> **Dataset records**
-- Opening Marker --

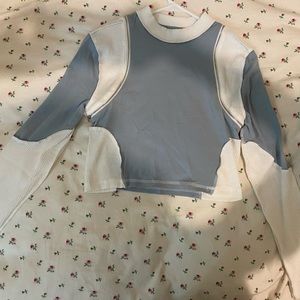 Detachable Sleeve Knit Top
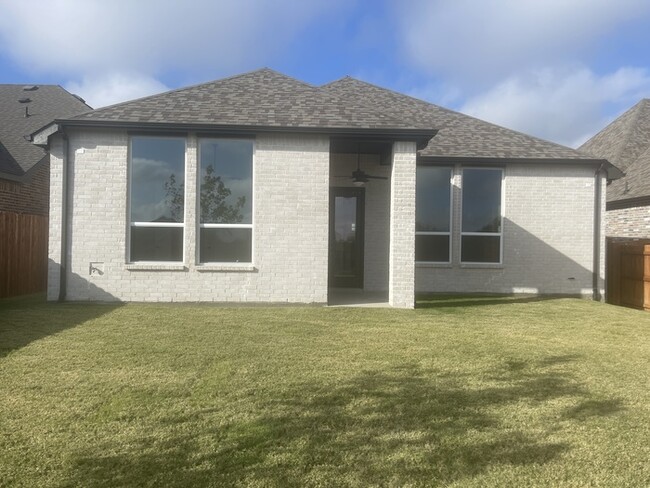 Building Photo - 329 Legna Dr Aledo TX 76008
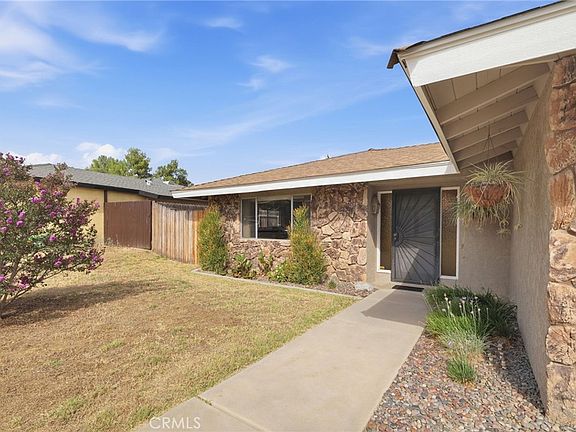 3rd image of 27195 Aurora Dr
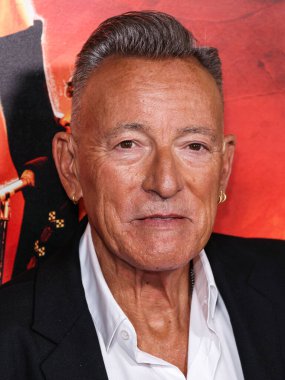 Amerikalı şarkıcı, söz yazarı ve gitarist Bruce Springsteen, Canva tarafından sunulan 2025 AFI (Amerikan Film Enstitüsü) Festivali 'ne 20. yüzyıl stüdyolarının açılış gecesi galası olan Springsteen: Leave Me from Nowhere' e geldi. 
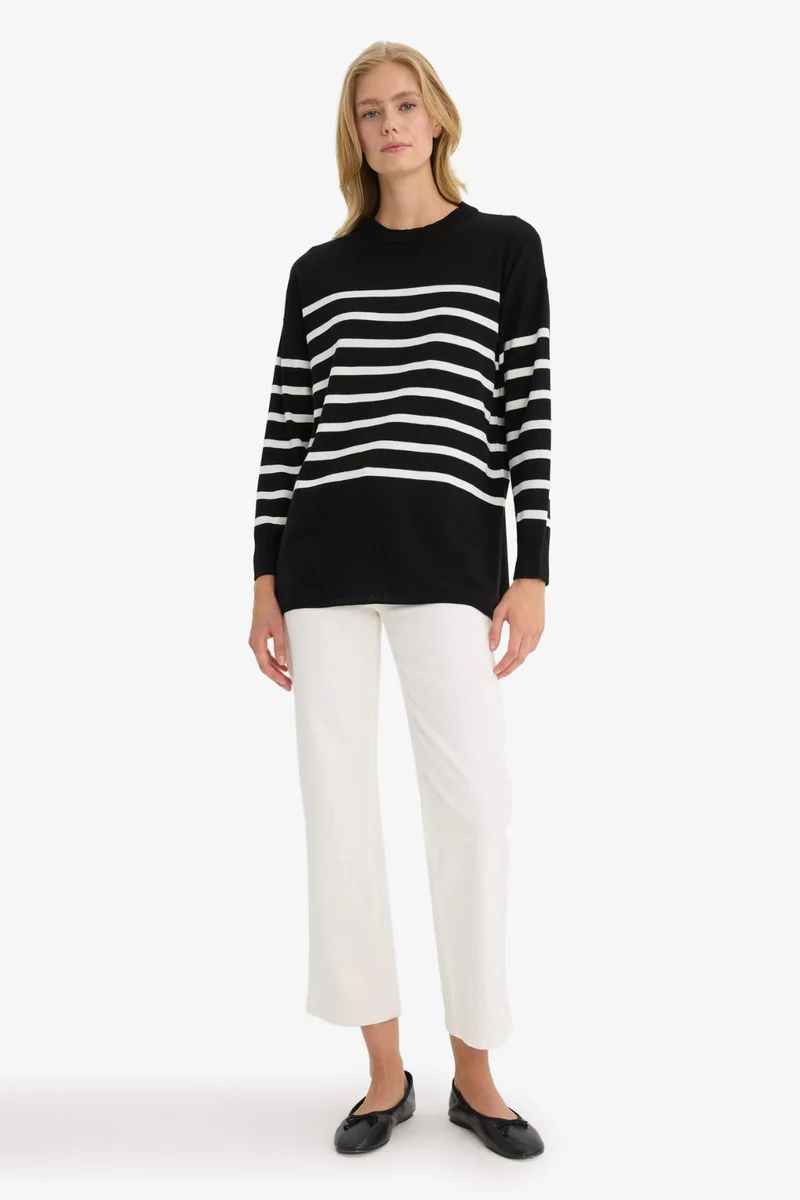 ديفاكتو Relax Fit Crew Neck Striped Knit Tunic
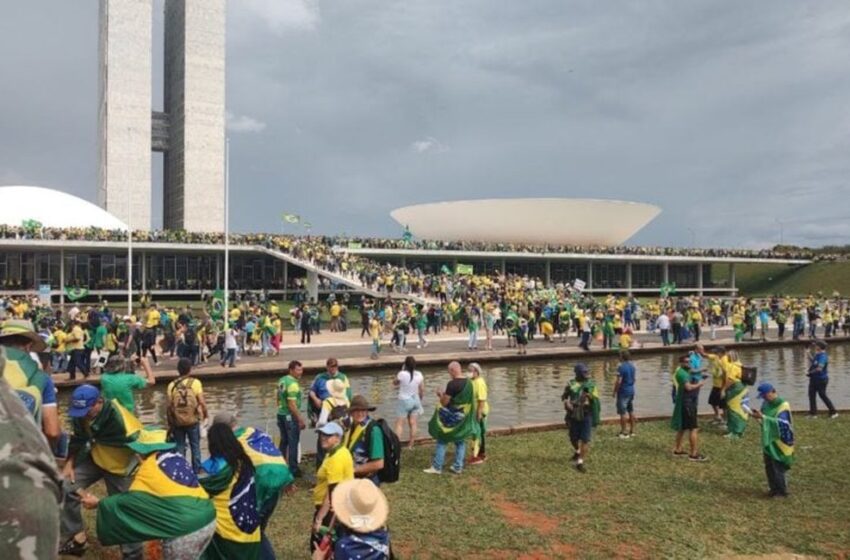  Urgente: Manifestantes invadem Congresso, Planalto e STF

-- Closing Marker --
-- Opening Marker --

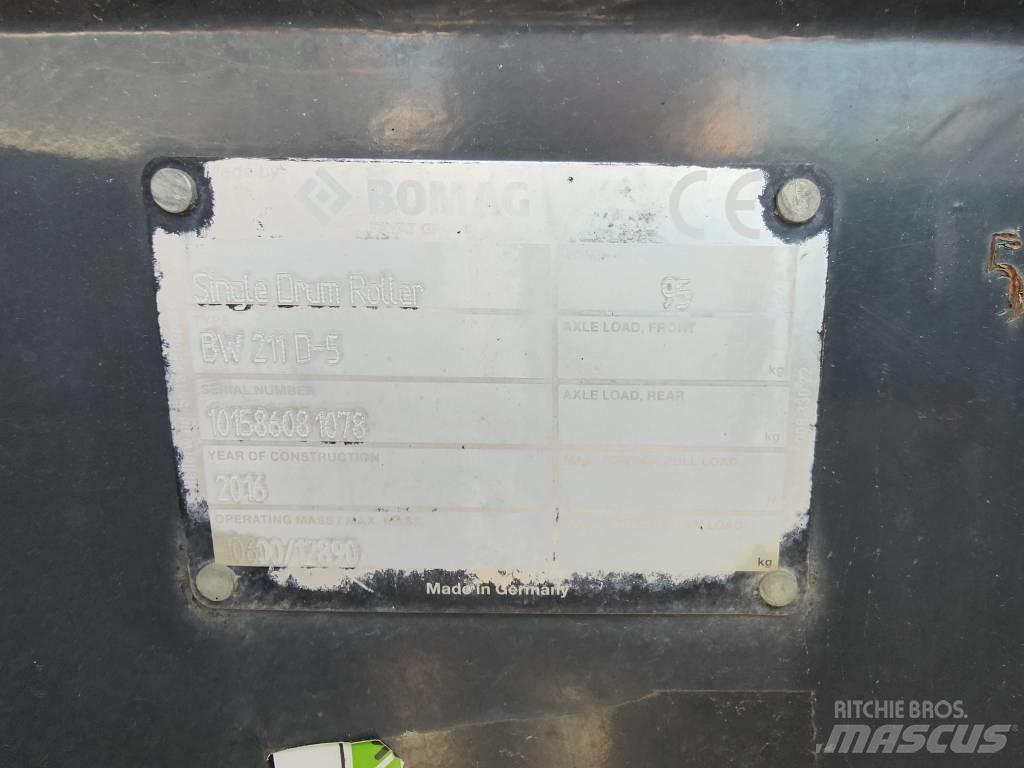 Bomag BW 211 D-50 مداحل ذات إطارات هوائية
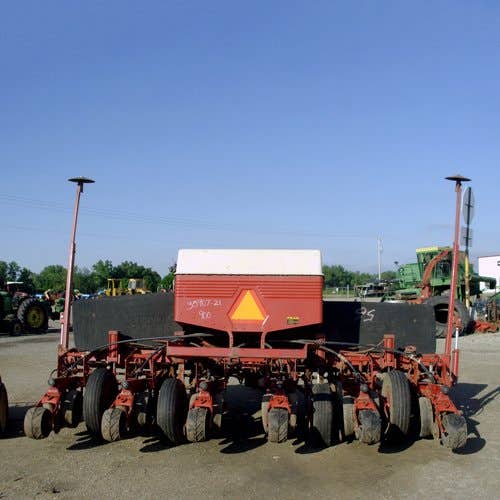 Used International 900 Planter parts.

-- Closing Marker --
-- Opening Marker --

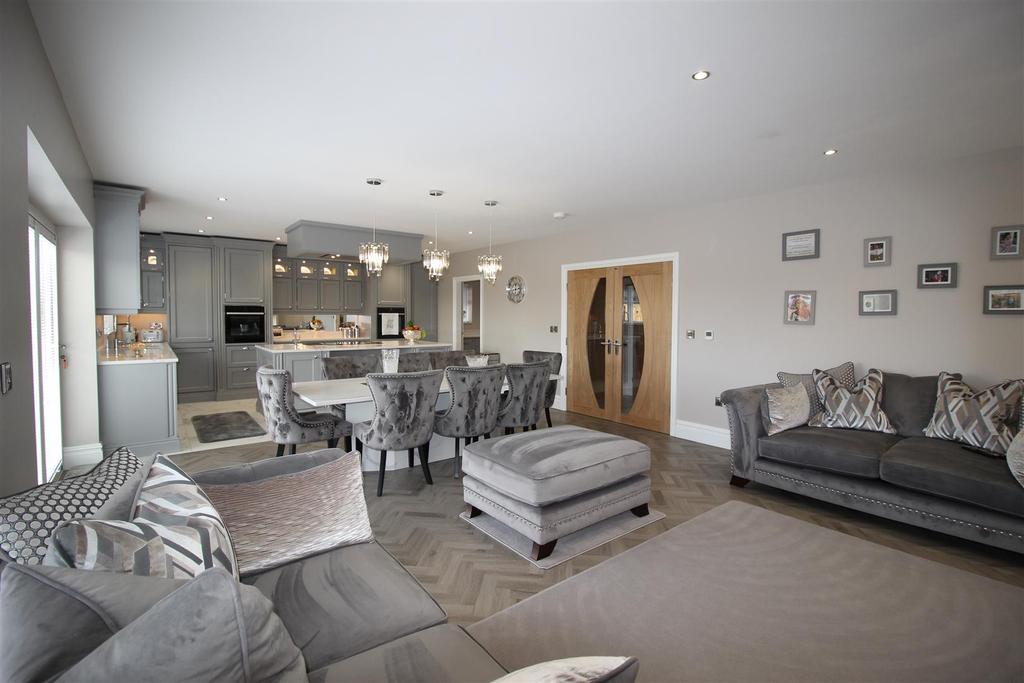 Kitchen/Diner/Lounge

-- Closing Marker --

Within the data above, repeat exactly the lines from the one bearing "Detachable Sleeve Knit Top" through the one bearing "Urgente: Manifestantes invadem". Include no pictures and nothing else.

 Detachable Sleeve Knit Top
 Building Photo - 329 Legna Dr Aledo TX 76008
 3rd image of 27195 Aurora Dr
 Amerikalı şarkıcı, söz yazarı ve gitarist Bruce Springsteen, Canva tarafından sunulan 2025 AFI (Amerikan Film Enstitüsü) Festivali 'ne 20. yüzyıl stüdyolarının açılış gecesi galası olan Springsteen: Leave Me from Nowhere' e geldi. 
 ديفاكتو Relax Fit Crew Neck Striped Knit Tunic
  Urgente: Manifestantes invadem Congresso, Planalto e STF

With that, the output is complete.